Tucked inside the red barn behind his South Thomaston home sits the 98-year-old craftsman’s most recent creation: a 37-foot-long, 10-foot-wide, wooden lobsterboat.
Completed in 2011, this is the last of some 18 boats he’s built over the course of the last 65 years. The as-yet-unnamed vessel is for sale.
Perched on a small, wheeled trailer, the white-painted hull dominates the 200-year-old barn. Its cabintop rests just inches below carved beams. It looks like it might not fit out the door—something that clearly has happened before with previous projects if the repairs around the doorframe are any indication.
Built in cedar-over-oak planking, this boat features a traditional cabin and an austere galley down below. Chapman has installed a second-hand Caterpillar diesel engine, winching it up and into the hull by himself. It might need some tuning, he admitted. But Chapman doesn’t let details like that sidetrack him. He’s focused, which is why he worked alone on this project, as well as his previous boats.
“It’s the only way to go,” he said with a twinkle in his sharp eyes and a tip of his grimy green John Deere cap. “You get people to help and they just get in the way.”
He’s a bit apologetic that the boat construction took him as long as a year to complete, never mind that a project like this would take most people far longer and require many more hands on the job.

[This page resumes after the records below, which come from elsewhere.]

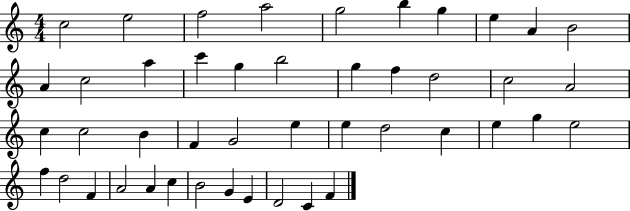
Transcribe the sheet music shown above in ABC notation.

X:1
T:Untitled
M:4/4
L:1/4
K:C
c2 e2 f2 a2 g2 b g e A B2 A c2 a c' g b2 g f d2 c2 A2 c c2 B F G2 e e d2 c e g e2 f d2 F A2 A c B2 G E D2 C F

“I didn’t work on it all day, every day,” he said ruefully.
He doesn’t like talking about himself. During this interview, his granddaughter Lisa Elliot and his friend and admirer Ty Babb frequently interjected to mention accomplishments that he wouldn’t. He’s the oldest resident in South Thomaston, for example, but when the town awarded the coveted gold cane to someone else who was younger Chapman never said anything. He didn’t want to upset anyone, Elliot explained.

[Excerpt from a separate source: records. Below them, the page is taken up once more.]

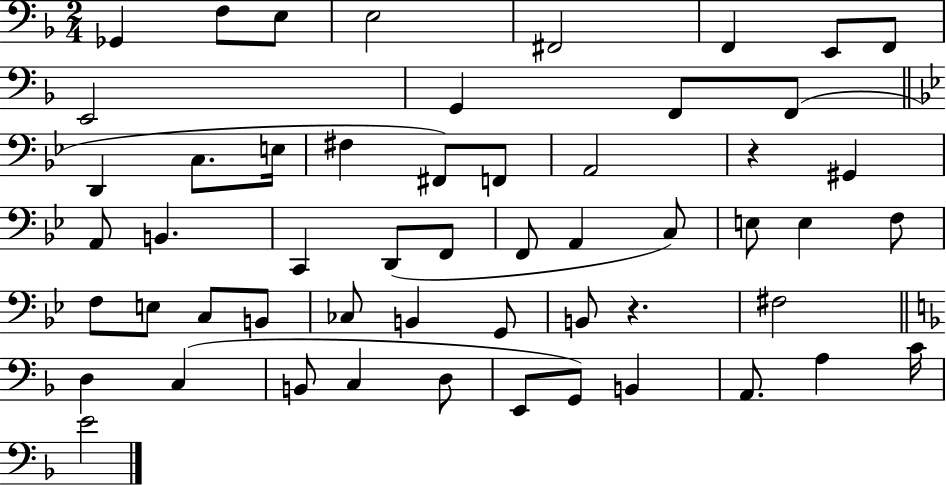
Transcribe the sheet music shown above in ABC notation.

X:1
T:Untitled
M:2/4
L:1/4
K:F
_G,, F,/2 E,/2 E,2 ^F,,2 F,, E,,/2 F,,/2 E,,2 G,, F,,/2 F,,/2 D,, C,/2 E,/4 ^F, ^F,,/2 F,,/2 A,,2 z ^G,, A,,/2 B,, C,, D,,/2 F,,/2 F,,/2 A,, C,/2 E,/2 E, F,/2 F,/2 E,/2 C,/2 B,,/2 _C,/2 B,, G,,/2 B,,/2 z ^F,2 D, C, B,,/2 C, D,/2 E,,/2 G,,/2 B,, A,,/2 A, C/4 E2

When she was young, Elliot remembers watching Chapman come home after a day working in someone else’s boatshop and then head out after dark to tackle his own projects in his unheated barn. “You just have to keep working in order to keep warm,” Chapman interjected.
He designed all his boats—some of which can still be seen fishing in local waters—using the traditional method of carving a half model and then transferring the lines using a slide rule and dividers.
“I picture in my mind how it’s going to look, the shape I want,” he said. “I figure a nice-looking model will come out okay as a boat.”
The son of an engineer on the Maine Central Railroad, Chapman inherited his father’s technical know-how, inventing tools and machines to make his work easier. A graduate of Rockland High School, he’s been a boatbuilder all his life—except for during World War II when he served in the 101st Airborne Division. He worked at Bath Iron Works, and shipyards in Camden and Rockland, before going out on his own as a traveling boat repairman.
Chapman has listed the boat for sale with Lyman-Morse Brokerage. Sitting down to rest on the seat of a vintage red Farmall tractor parked in front of his boat, he conceded that this most likely is his last big project.
At least that’s what he says now. Who knows what the future holds? “I have to do something to keep busy,” he said with a sly smile.
Polly Saltonstall is editor of this magazine.